>>>
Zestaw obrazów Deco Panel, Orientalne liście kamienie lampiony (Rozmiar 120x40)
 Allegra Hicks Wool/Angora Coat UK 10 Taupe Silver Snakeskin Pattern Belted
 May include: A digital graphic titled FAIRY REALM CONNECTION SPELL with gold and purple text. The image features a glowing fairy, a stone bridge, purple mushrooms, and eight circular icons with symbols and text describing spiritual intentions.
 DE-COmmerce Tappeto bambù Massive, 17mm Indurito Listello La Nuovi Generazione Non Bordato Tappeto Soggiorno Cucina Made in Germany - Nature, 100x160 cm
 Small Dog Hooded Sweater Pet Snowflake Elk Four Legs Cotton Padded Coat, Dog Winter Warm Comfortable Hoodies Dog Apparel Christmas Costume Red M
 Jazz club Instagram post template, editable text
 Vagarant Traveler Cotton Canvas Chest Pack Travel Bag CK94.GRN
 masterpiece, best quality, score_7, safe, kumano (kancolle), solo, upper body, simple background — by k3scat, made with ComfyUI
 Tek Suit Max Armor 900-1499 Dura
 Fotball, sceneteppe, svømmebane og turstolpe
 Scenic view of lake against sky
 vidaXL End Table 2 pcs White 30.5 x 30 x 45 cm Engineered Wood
<<<
• [DIRECTIONS]: Please write out the records from above, keeping every line exact.

• [RESPONSE]:
Zestaw obrazów Deco Panel, Orientalne liście kamienie lampiony (Rozmiar 120x40)
 Allegra Hicks Wool/Angora Coat UK 10 Taupe Silver Snakeskin Pattern Belted
 May include: A digital graphic titled FAIRY REALM CONNECTION SPELL with gold and purple text. The image features a glowing fairy, a stone bridge, purple mushrooms, and eight circular icons with symbols and text describing spiritual intentions.
 DE-COmmerce Tappeto bambù Massive, 17mm Indurito Listello La Nuovi Generazione Non Bordato Tappeto Soggiorno Cucina Made in Germany - Nature, 100x160 cm
 Small Dog Hooded Sweater Pet Snowflake Elk Four Legs Cotton Padded Coat, Dog Winter Warm Comfortable Hoodies Dog Apparel Christmas Costume Red M
 Jazz club Instagram post template, editable text
 Vagarant Traveler Cotton Canvas Chest Pack Travel Bag CK94.GRN
 masterpiece, best quality, score_7, safe, kumano (kancolle), solo, upper body, simple background — by k3scat, made with ComfyUI
 Tek Suit Max Armor 900-1499 Dura
 Fotball, sceneteppe, svømmebane og turstolpe
 Scenic view of lake against sky
 vidaXL End Table 2 pcs White 30.5 x 30 x 45 cm Engineered Wood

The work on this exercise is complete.